All numbers given in this guide are off of the Berkeley 12JG Schematic.

It is essential you are familiar with sections I and II of this manual. Proper trouble shooting will help you determine which parts must be removed from your jet drive, or the boat, in order to perform the necessary repairs or parts replacement. Starting at the back of jet, outside the boat, all the parts for steering, reversing, and trim control are accessible. Next you have the bowl and impeller assembly and wear ring and finally the suction piece, shaft and thrust bearing assembly and front packing gland assembly. With careful thought, you can do everything except replace the thrust bearing without taking the entire jet drive out of the boat. Only in rare instances should engine removal ever be necessary.

Disassembly (re-assembly of the steering and reversing mechanism)

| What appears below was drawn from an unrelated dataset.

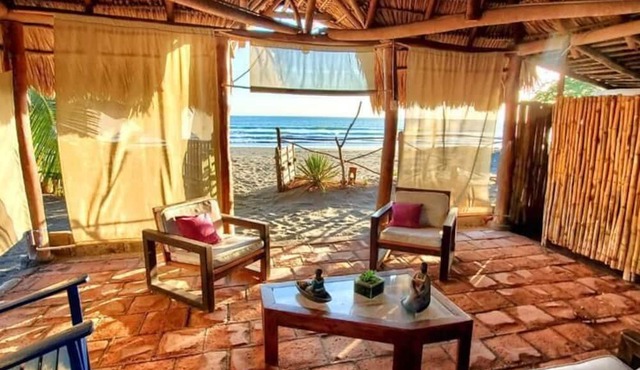 Somar Surf lodge in León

In this assembly, all the parts are external and no seal between the jet drive and hull needs to be broken, unless you are replacing cable packing glands, items #18, #15 and #16). See the transom housing parts illustration (#27). Normally repairs in this area will center around replacement of gasket (#17) and the 4 bushing (#29) on the lower pivot shaft, open steering shaft and the two reverse gate shafts.

Step 1

Remove the pins, (#55, #15 and #16 - 2 ea.) in order to separate the reverse gate from the steering nozzle and the steering nozzle (#6) from the nozzle housing (#5). Remove the 5/16" x 1" socket head cap screw (#42) from the left and right reverse gate pivot shafts. Push the pivot shafts into the steering nozzle until the reverse gate is free. Use of a solvent such as liquid wrench, WD-40 and a drift and hammer may be required where units have been in service a long time, especially in slat or brackish water. Lift off the reverse gate, inspect and set aside for replacement, repainting or reinstallation. Remove 2 nylon bushing (#29) and inspect. Either replace or save if no wear damage is apparent.

Step 2

Remove 5/16" x 1" socket head cap screw (#42) from lower steering pivot shaft. Push shaft up into nozzle area. Be cautious the pin does not fall into the bowl and cause loss of time fishing it out. It is stainless steel so a magnet does not work.

Step 3

Remove the tiller shaft set screw (5/16" x 3/4" #43) using a 5/16" open end wrench. Note this set screw has a nylon lock button. The screws should always be replaced when it has been removed. Remove upper woodruff key (#36) after removing tiller arm and push or tap the tiller shaft (#15) down through the nozzle housing. Inspect the nylon bushing (#29) and discard if worn. Inspect the woodruff keys (2 ea.) in the tiller shaft and the keyways in the nozzle (#6) and steering housing (#5). If the key way is worn your steering will be loose and steering failure is very possible. Replace either or both of items #5 & #6 if they are worn. Inspect the O-ring (#20) on the steering nozzle and replace if damaged. A bad O-ring causes thrust loss around the nozzle (especially in turns) and excess water spray.

Step 4

Use a 1/2" box end wrench or socket and ratchet to remove the 8 - 5/16" x 3/4" cap screws (#51) which secure the nozzle housing to the after bowl face. Remove the nozzle housing and set aside the gasket (#17) for replacement.

Step 5

Assembly is reversal of steps 1 through 4. Make sure all parts are serviceable, all threads are clean. Use a light grease such as Lubriplate on all moving parts to assure easy assembly and free movement..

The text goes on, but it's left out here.